> Work instructions:
Take the line containing "Rentero One Bedroom O2 Arena Dinopark *" and every line after it to the end of the records, and copy them exactly, excluding pictures.

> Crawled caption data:
┄┄┄┄┄┄
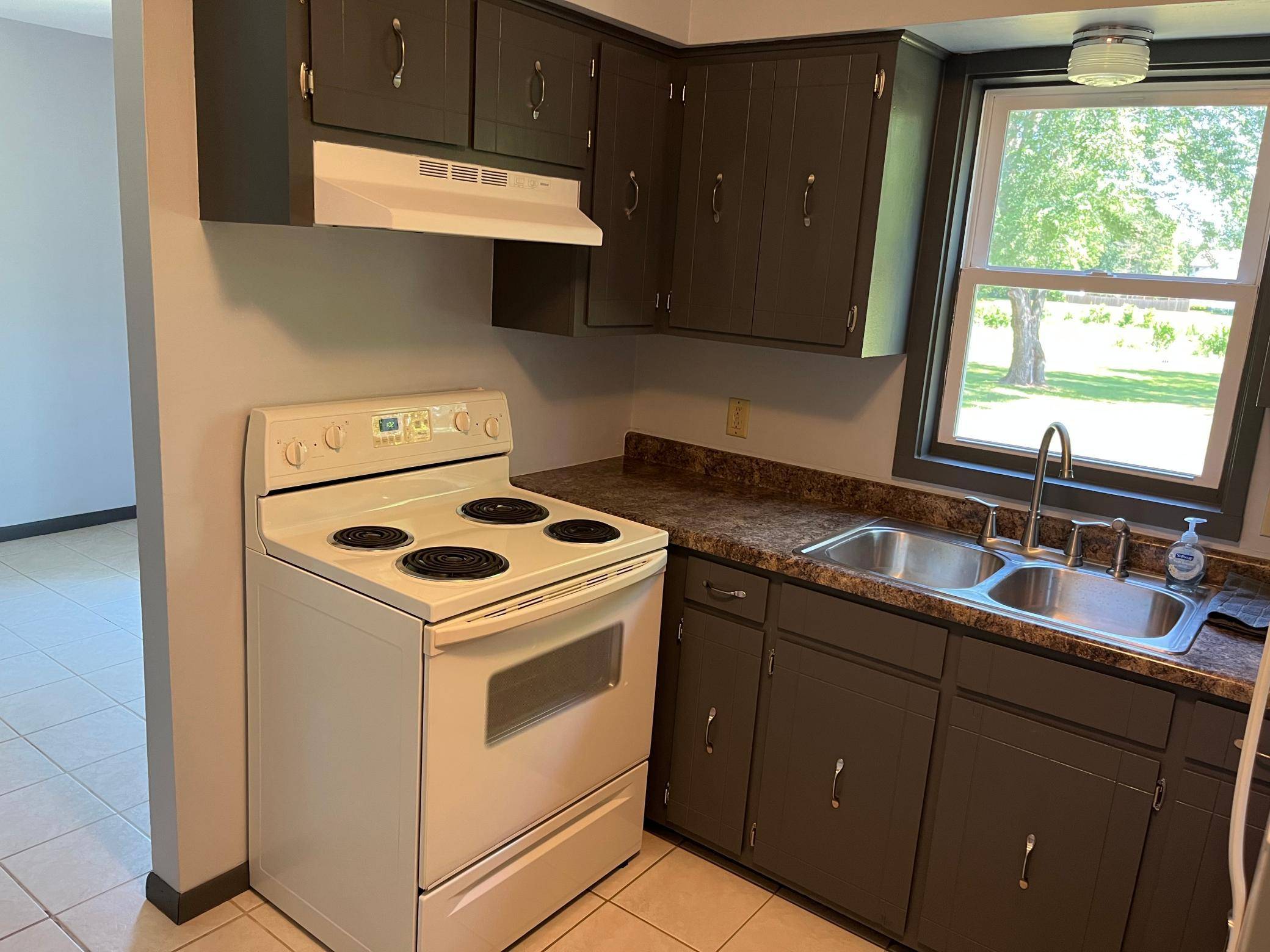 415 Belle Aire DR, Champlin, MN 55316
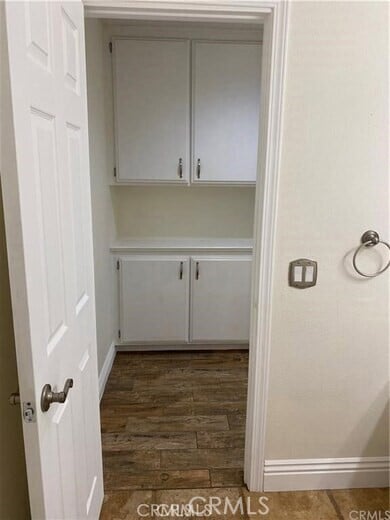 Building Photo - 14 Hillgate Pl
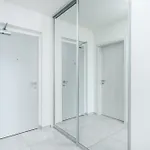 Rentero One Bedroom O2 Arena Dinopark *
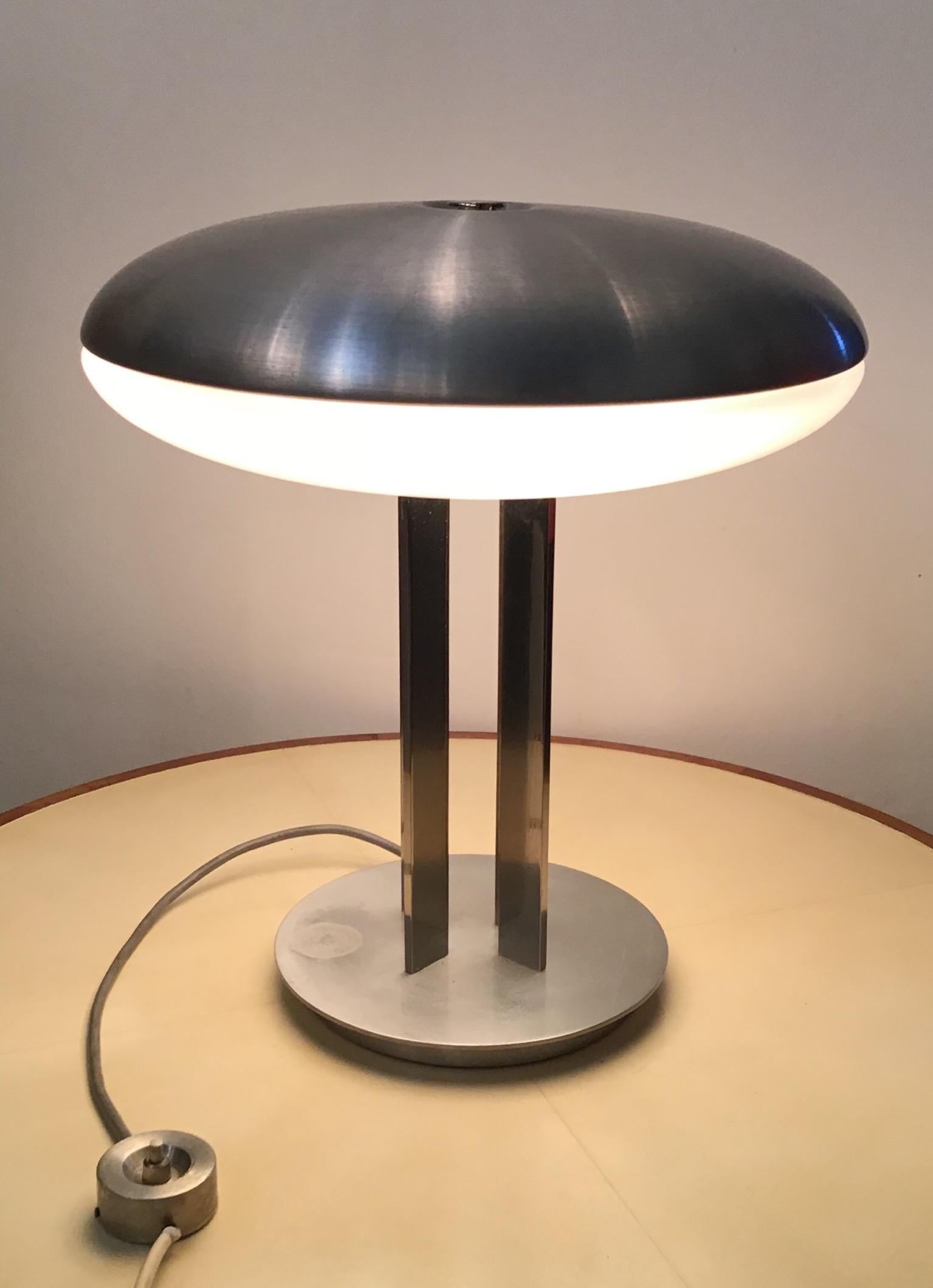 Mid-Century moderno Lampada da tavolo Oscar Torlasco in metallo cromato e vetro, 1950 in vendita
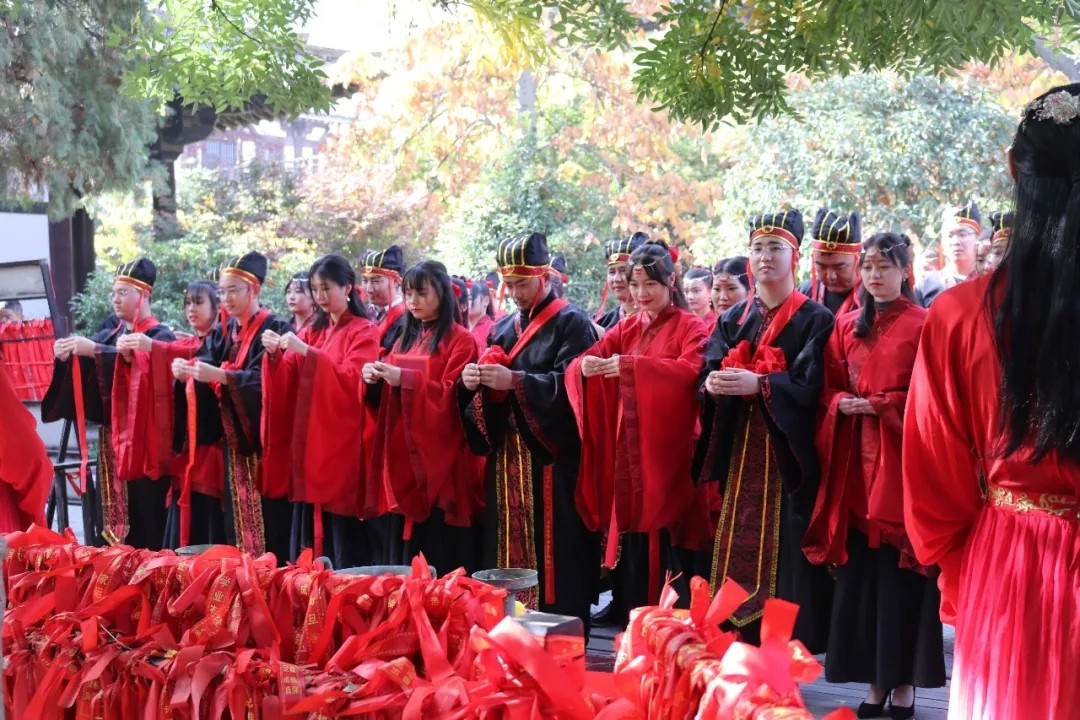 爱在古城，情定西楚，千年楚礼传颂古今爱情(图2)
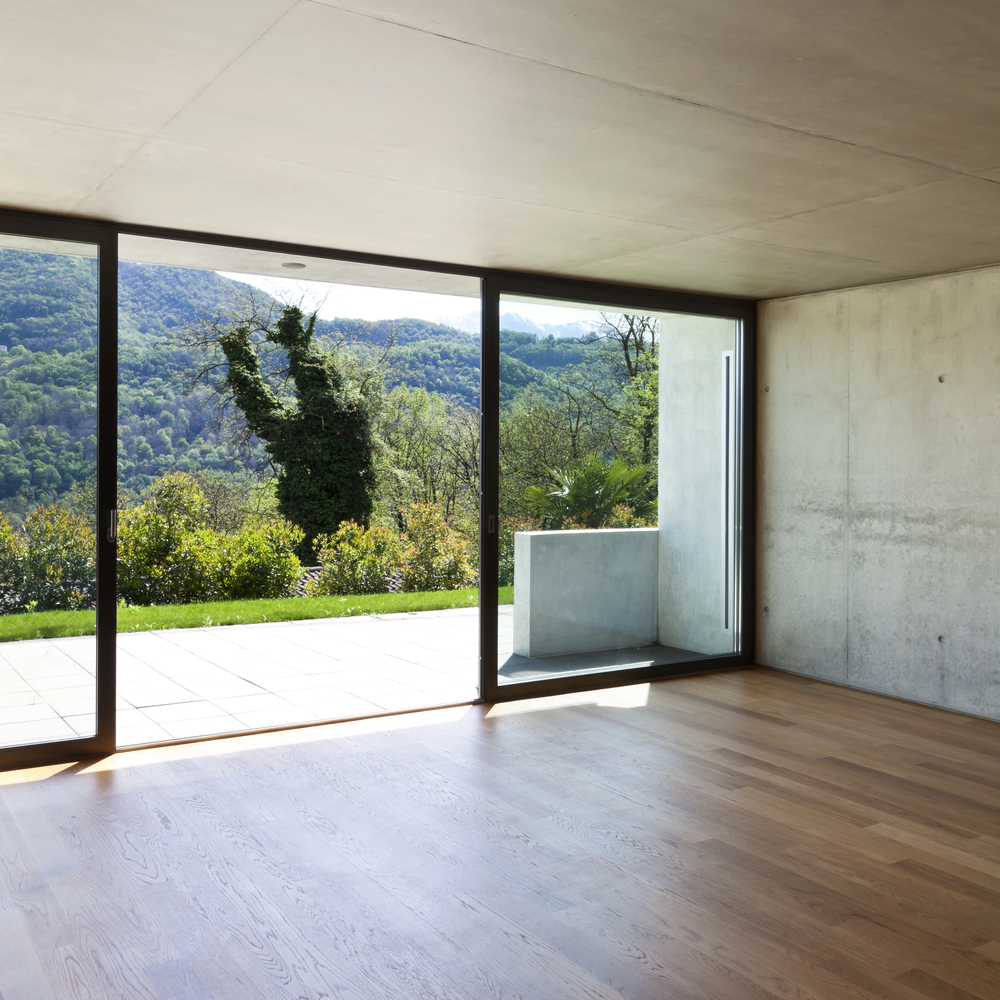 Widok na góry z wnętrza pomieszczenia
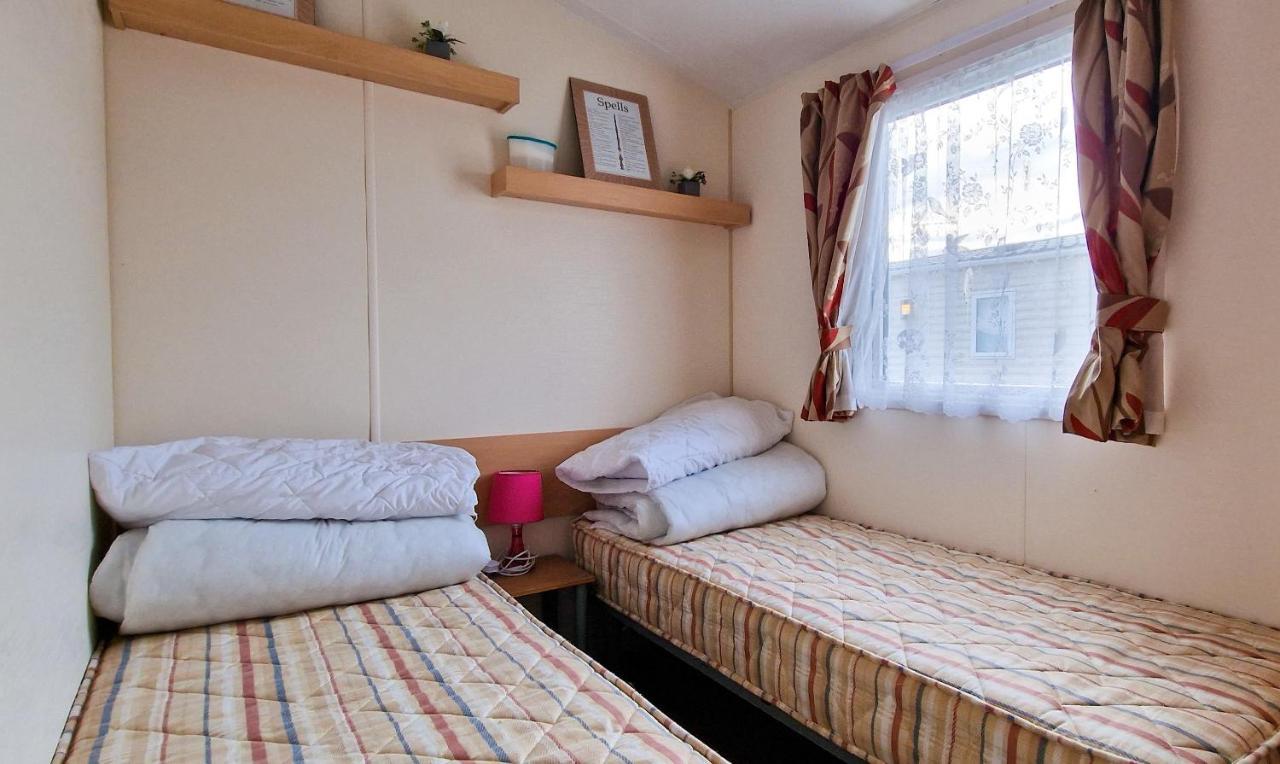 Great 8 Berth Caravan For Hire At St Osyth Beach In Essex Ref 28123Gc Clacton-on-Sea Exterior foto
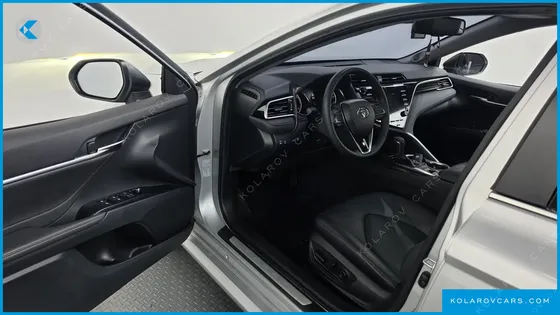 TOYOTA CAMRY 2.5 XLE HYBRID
┄┄┄┄┄┄
> Your solution:
 Rentero One Bedroom O2 Arena Dinopark *
 Mid-Century moderno Lampada da tavolo Oscar Torlasco in metallo cromato e vetro, 1950 in vendita
 爱在古城，情定西楚，千年楚礼传颂古今爱情(图2)
 Widok na góry z wnętrza pomieszczenia
 Great 8 Berth Caravan For Hire At St Osyth Beach In Essex Ref 28123Gc Clacton-on-Sea Exterior foto
 TOYOTA CAMRY 2.5 XLE HYBRID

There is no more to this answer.